During the past few weeks, the topic of bear problems on the Sunshine Coast has come up on several occasions.
We told you about the conservation officer having to shoot a number of bears two weeks ago, and it served as a sounding board for several readers in our letters section.
A few months ago, public outcry over the lack of a conservation officer was huge. We had several people write letters condemning the provincial government for cutting back our conservation service.
Now, thanks to several government agencies lobbying on the Coast and even our own MLA Harold Long, a conservation officer was re-established here on the Coast.
Murray Smith has come to town and is doing the best job he can with limited resources.
While it is troubling that Smith had to shoot these bears, for people to suggest it is his fault is ludicrous.
He doesn't want to shoot these bears, but he has no other choice, as it is clear relocation is not an option.

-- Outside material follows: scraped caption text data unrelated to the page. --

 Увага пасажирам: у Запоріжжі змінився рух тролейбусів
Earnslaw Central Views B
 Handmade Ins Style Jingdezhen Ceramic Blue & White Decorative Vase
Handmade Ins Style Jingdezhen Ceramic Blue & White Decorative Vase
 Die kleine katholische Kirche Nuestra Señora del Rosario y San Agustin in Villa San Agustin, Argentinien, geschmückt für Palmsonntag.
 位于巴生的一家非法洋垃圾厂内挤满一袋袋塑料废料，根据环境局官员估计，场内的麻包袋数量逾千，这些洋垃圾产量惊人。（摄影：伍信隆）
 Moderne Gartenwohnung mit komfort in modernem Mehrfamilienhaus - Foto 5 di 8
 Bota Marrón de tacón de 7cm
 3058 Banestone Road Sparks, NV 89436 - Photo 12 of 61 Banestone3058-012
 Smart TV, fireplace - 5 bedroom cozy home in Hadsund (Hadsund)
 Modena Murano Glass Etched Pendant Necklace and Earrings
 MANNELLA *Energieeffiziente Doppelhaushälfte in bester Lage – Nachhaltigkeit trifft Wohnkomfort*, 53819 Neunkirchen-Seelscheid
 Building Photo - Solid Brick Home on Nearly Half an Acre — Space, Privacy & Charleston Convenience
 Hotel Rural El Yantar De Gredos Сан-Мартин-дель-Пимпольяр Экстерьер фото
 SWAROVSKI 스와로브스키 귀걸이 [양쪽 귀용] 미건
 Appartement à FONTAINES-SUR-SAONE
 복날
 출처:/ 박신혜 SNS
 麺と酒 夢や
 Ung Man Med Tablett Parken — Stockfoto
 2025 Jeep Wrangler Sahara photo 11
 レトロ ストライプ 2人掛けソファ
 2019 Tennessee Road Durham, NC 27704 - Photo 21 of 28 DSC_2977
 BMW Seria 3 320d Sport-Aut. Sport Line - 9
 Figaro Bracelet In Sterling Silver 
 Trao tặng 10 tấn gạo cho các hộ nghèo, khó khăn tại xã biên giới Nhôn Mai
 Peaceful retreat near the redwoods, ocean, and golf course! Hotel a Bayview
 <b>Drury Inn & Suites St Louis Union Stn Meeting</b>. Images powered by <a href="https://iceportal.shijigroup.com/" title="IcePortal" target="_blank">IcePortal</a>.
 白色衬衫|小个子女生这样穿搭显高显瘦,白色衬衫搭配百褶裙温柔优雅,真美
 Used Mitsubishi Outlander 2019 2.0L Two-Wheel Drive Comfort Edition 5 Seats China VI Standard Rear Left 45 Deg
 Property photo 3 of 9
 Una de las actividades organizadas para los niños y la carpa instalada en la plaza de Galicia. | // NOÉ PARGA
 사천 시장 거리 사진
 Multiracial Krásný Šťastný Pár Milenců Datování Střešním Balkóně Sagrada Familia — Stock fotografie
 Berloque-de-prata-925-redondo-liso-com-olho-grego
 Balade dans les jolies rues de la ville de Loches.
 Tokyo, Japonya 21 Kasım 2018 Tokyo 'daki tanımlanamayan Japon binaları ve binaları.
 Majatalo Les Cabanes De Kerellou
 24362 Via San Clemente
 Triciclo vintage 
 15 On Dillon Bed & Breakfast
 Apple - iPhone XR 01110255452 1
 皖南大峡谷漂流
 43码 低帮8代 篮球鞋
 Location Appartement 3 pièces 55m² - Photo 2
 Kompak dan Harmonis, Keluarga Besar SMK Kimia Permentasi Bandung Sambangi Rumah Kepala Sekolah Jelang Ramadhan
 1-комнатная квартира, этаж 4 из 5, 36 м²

In our opinion, we need to take responsibility for the bear problems.
It is not rocket science, people. Pick the fruit off of your trees, and keep your garbage inside or locked up until pick-up day. Composting should be limited to green, leafy yard waste as opposed to household wastes and back yard bird feeders should be placed at least 15 feet in the air to ensure a bear can't get to them. These are all tips from Smith and have been repeated more than once, but the message seems to be falling on deaf ears.
This has been an exceptional year for bear complaints and not just here on the Sunshine Coast.
The conservation office in the Sea to Sky Corridor has been flooded with complaints and several bears have been shot there as well. The same can be said all over the Lower Mainland.
Earlier this month in Burnaby, a conservation officer shot a bear while it was trying to get into a Safeway store.
The bottom line is we need to take ownership of the role we play in the problem. We can co-exist with the bears if we start taking the proper steps to reduce the encounters.